Volltextsuche

Erweiterte Suche

ANZEIGE

VON INFORMATIONSDIENST WISSENSCHAFT  |  27.06.2012 09:24

Coole Jungs und ehrbare Berufe – (k)ein Widerspruch?

Die Zahl der Ausbildungsabbrecher in Deutschland bleibt konstant hoch. Prof. Dr. Ute Clement vom Institut für Berufsbildung (IBB) der Universität Kassel geht in ihrer neuen Publikation „Ehrbare Berufe für coole Jungs“ diesem Problem auf den Grund.

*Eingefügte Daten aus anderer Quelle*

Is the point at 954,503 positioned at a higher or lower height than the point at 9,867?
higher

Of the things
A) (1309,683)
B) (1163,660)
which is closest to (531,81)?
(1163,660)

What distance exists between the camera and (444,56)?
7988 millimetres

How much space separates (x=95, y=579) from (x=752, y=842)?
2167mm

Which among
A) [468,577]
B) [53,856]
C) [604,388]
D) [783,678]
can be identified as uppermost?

Wenn morgen rund 500.000 Studierende ihr Studium schmeißen würden, würde das eine ungeheuer große Lücke an deutschen Hochschulen reißen. Das wäre ein Fünftel der Studentenschaft – eine erschreckend große Zahl. Im Bereich der Berufsausbildung ist dieses Szenario Realität. Exakt 22,1 Prozent der Auszubildenden haben laut Bundesinstitut für Berufsbildung (BIBB) im Jahr 2011 ihre Berufsausbildung vorzeitig abgebrochen. „Für die Betriebe und auch für die Gesellschaft insgesamt kann das schon bald gravierende Konsequenzen haben“, sagt Clement: „Ich kenne Unternehmen aus der Region Nordhessen, die bereits wegen des Facharbeitermangels schließen mussten.“

Berufsausbildung: Unverständnis der Beteiligten

In ihrem neuen Buch beschäftigt sich die Kasseler Berufs- und Wirtschaftspädagogin mit der Frage, wie man angesichts der problematischen Lage diejenigen Jugendlichen in das Ausbildungsboot reinholt, die sonst ganz durch die Maschen des Systems durchgefallen wären, diejenigen, die Clement als „schwache Jugendliche“ bezeichnet. Den Ausgangspunkt ihrer Überlegungen bilden die sich sowohl bei den Ausbildern als auch bei den Auszubildenden verbreitende Unzufriedenheit mit- und Unverständnis füreinander. Die ersten klagen über Unpünktlichkeit, mangelnde Zuverlässigkeit, fehlende Motivation und Interesse für den Beruf bei den Lehrlingen, die letzteren geben Konflikte mit den Meistern als den Hauptgrund für das vorzeitige Auflösen des Ausbildungsverhältnisses an. Diese Schwierigkeiten, die letztlich immer häufiger die jungen Menschen vom Berufsleben und auch von der Gesellschaft ausschließen, führt Clement auf die Differenzen zwischen Betriebskultur und Jugendkultur zurück. „Die Betriebe haben immer noch die Vorstellung, sie finden den ‚guten Hauptschüler‘, der nach der erfolgreichen Ausbildung ein guter deutscher Facharbeiter wird“, erklärt sie. Nur das funktioniere häufig so nicht mehr. Der heutige Hauptschüler habe mitunter einfach keine Lust, ein guter deutscher Facharbeiter zu werden.

Eine Sache der Ehre

Clement vertritt in ihrem Buch die These, es liege an der unterschiedlichen Ehrauffassung. Unter Ehre, die sie zum zentralen Schlagwort erhebt, versteht sie die Außenhaut der Identität, etwas, das einem Sicherheit in der Welt gibt. In sechs Hauptkapiteln zeigt Clement die Differenzen zwischen dem in den Unternehmen immer noch vorherrschenden jahrhundertealten Verständnis der Berufs- und Handwerkerehre und den neuen alternativen Ehrentwürfen der schwachen Jugendlichen auf. Wie bringt man sie zusammen? Und wie kann die Ausbildung der Jungstars trotz dieser Unterschiede gelingen? „Die Berufskultur ist heute vielen Jugendlichen fremd. Wir müssen sie attraktiver machen und den Eingang in die Welt der Erwachsenen zeigen, um zu vermitteln, dass es durchaus ehrenvoll ist, daran Anteil haben zu können“, sagt Clement. Dies hänge auch mit der Suche nach neuen Formen der Autorität zusammen, die weniger mit Distanz und Macht zu tun haben und mehr mit Nähe und Stärke und dem Ablegen der alten Devise ‚Lehrjahre sind keine Herrenjahre’. „Und dann sind die Jugendlichen ganz oft bereit mitzumachen, denn auch sie möchten durch einen Beruf ihr Leben bestreiten können“, räumt Clement schließlich mit dem häufig geäußerten Vorwurf mangelnder Motivation auf.